Core durable goods orders fell by 0.2% in March, worse than a rise of 0.2% expected. And, this came on top of a downwards revision for last month’s number. Taking one step back, the last time that core orders enjoyed a rise was back in September.
The USD retreated, but then the markets probably remembered there isn’t something better to buy.
The extremely weak core orders number reflects a lack of investment and a very worrying slowdown. The numbers also feed into the highly anticipated first release of GDP for Q1 due next week.
With so many poor figures for the US economy in Q1 (eventually reaching jobs), and this includes both the cold winter months and March, another Q1 contraction cannot be ruled out. The world’s no. 1 economy contracted sharply in Q1 2014 but bounced back nicely in Q2 and saw even stronger growth in Q3.
Forecasts stand on an annualized growth rate of 1.1% but GDP tends to surprise and we could see another contraction. A bounce in Q2 is not guaranteed. Some already suspect that the US has entered an outright recession – two consecutive quarters of negative growth.

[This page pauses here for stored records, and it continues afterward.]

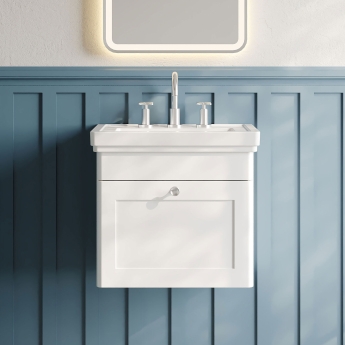 Nuie Classique Wall Hung 1-Drawer Vanity Unit with Basin 500mm Wide Satin White - 3 Tap Hole | Product Image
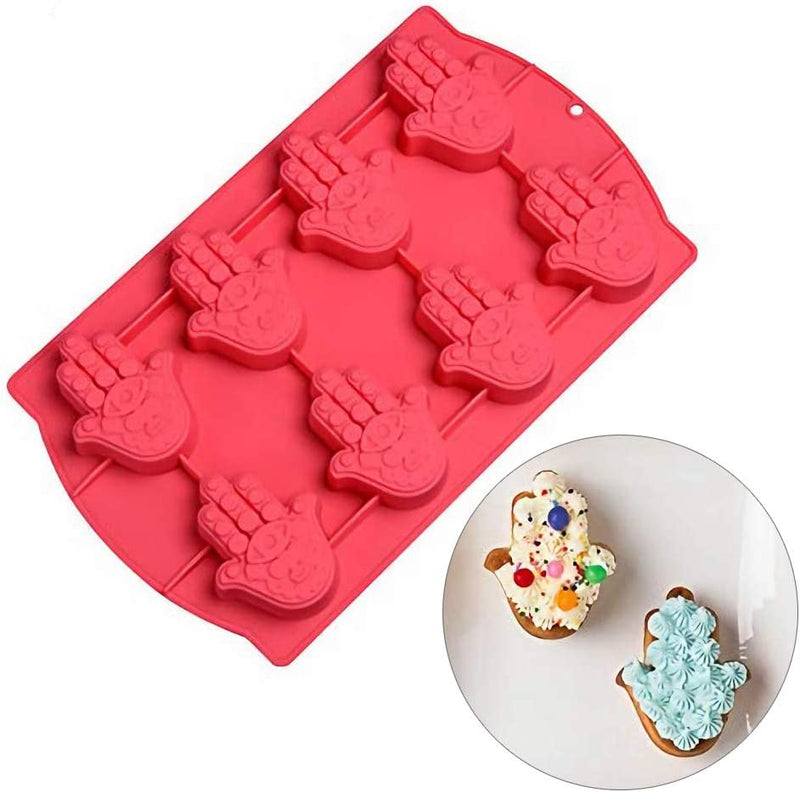 Hamsa Hand Silicone Mold Hand of Fatima Cake Cupcake Muffin Baking Pan the Hand of God Ice Cube Tray Eye in Khamsah Palm Chocolate Candy Soap Crayon Melts Molds (Random Color) Home & Garden > Kitchen & Dining > Cookware & Bakeware Hi-Party   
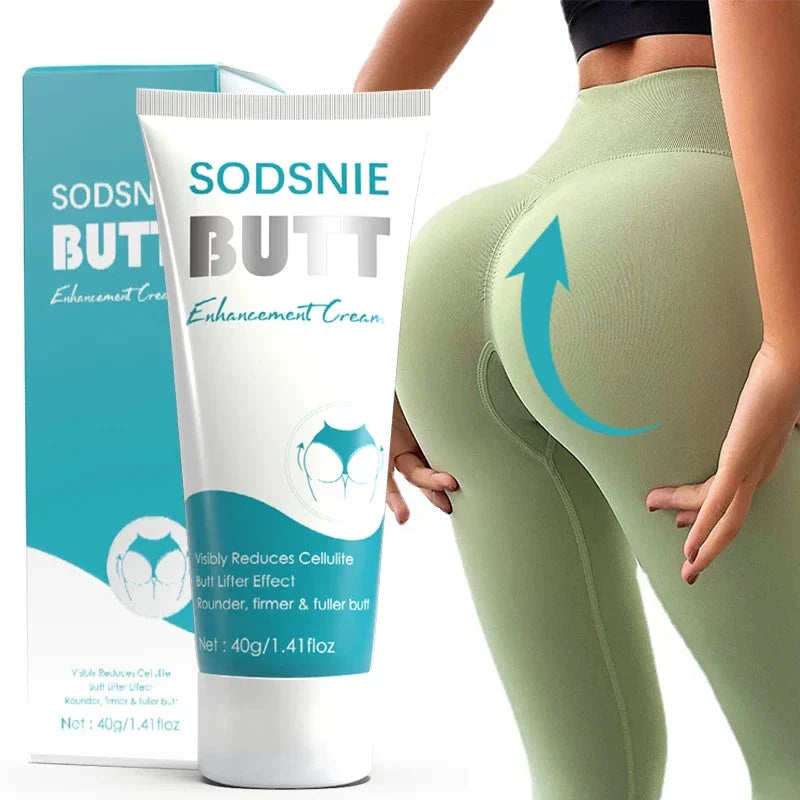 Produit de crème pour l’amélioration des fesses montré à côté d’une personne portant des jambières vertes.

On the same Wednesday, the Fed releases its decision. If everything looks terrible, we could get a hint that the initial rate will not necessarily happen in 2015. Such a move would be a game changer for the dollar: tightening in 2016 means that the greenback is not more attractive than its peers. Also the ECB’s QE program is set to end in 2016.

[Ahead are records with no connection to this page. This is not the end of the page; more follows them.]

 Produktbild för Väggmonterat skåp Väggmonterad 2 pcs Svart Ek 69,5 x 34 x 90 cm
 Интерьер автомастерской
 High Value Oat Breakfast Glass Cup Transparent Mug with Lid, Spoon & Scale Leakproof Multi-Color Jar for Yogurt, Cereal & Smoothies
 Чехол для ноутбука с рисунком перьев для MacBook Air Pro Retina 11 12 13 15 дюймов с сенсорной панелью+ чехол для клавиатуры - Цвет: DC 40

The headline durable goods orders numbers came out better than expected at a rise of 4%. This includes volatile items and the markets focused on the core figure, selling off the dollar.
However, this didn’t last: the greenback staged a recovery, and not only against the euro which is affected by Greece.
No, we are not seeing the levels that we had before the terrible new home sales number, but we are certainly seeing a lot of faith in the USD.
Can this last beyond next Wednesday?